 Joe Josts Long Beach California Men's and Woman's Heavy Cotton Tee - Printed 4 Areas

# # # # #

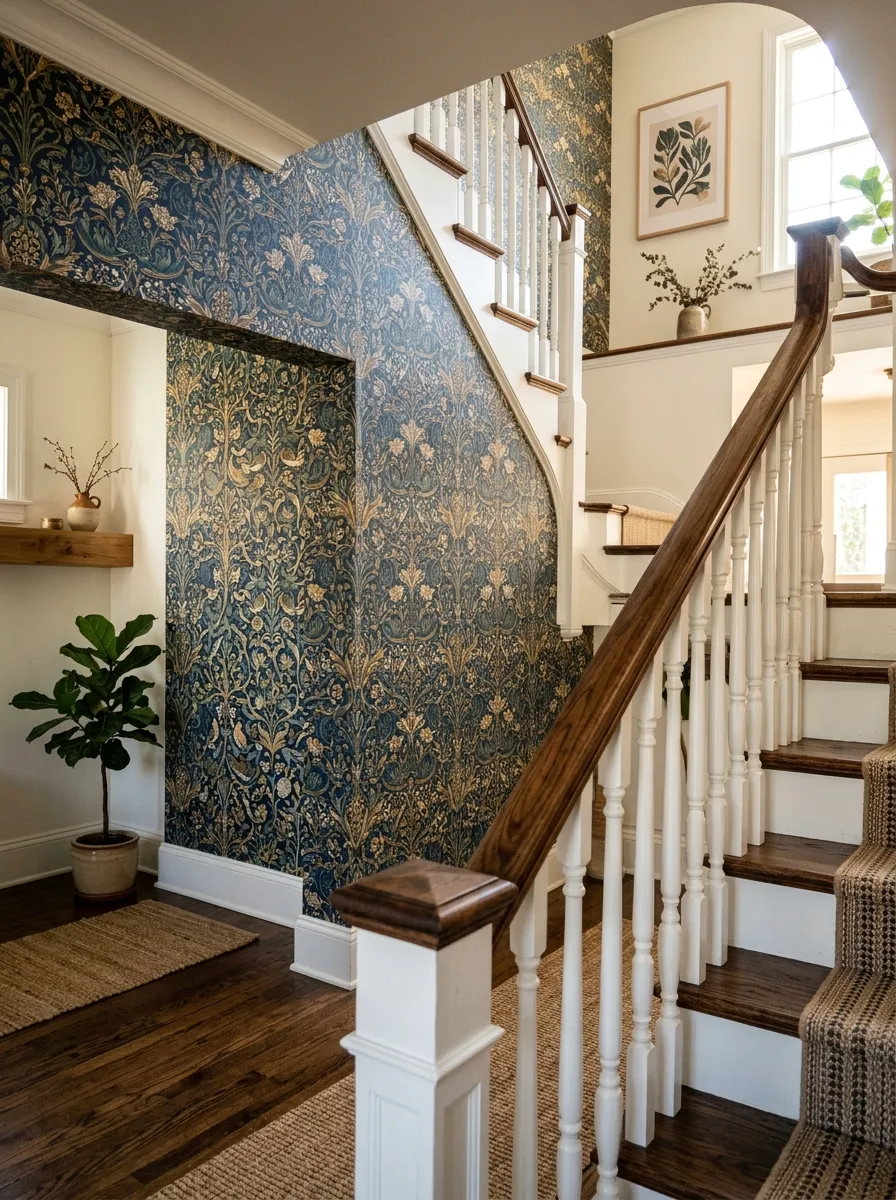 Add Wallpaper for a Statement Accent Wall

# # # # #

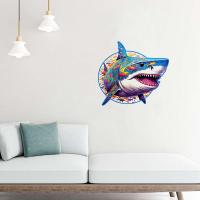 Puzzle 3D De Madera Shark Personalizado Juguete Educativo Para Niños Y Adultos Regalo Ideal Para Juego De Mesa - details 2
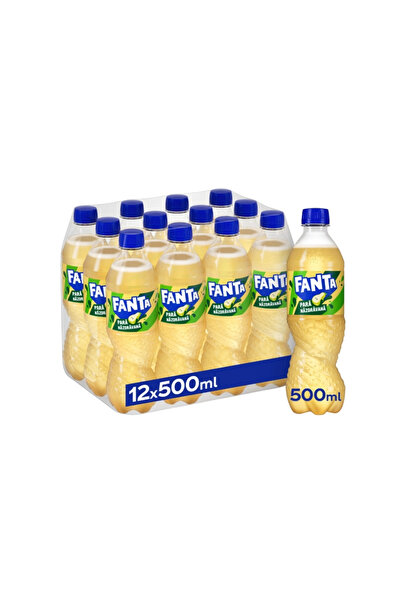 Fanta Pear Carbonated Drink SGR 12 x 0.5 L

# # # # #

In the data above, find the line containing "Puzzle 3D De" and the line containing "Fanta Pear Carbonated Drink SGR 12 x 0.5 L". Copy exactly the stretch from the first through the second, both included, leaving out any picture.

Task response:
 Puzzle 3D De Madera Shark Personalizado Juguete Educativo Para Niños Y Adultos Regalo Ideal Para Juego De Mesa - details 2
 Fanta Pear Carbonated Drink SGR 12 x 0.5 L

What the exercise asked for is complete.